### WORK ORDER
In the records below, find the line holding "Anillo Churumbela Flor" and the line holding "An illustration from". Set down both, with every line between them, exactly.

### SOURCE DATA
"""
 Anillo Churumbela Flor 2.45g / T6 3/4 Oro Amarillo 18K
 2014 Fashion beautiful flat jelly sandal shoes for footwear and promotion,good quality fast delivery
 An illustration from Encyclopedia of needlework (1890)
"""
"""
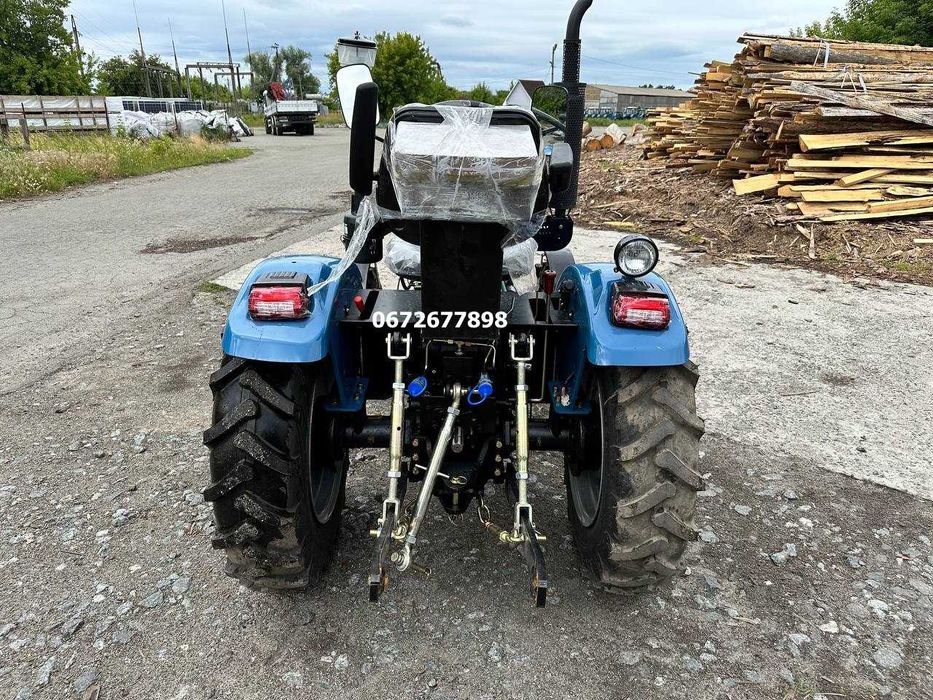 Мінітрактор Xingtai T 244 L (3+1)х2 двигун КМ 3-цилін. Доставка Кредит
"""
"""
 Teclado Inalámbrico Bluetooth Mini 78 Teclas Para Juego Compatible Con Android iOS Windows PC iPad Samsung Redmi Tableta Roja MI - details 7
"""
### THE COMPLETED TASK
 Anillo Churumbela Flor 2.45g / T6 3/4 Oro Amarillo 18K
 2014 Fashion beautiful flat jelly sandal shoes for footwear and promotion,good quality fast delivery
 An illustration from Encyclopedia of needlework (1890)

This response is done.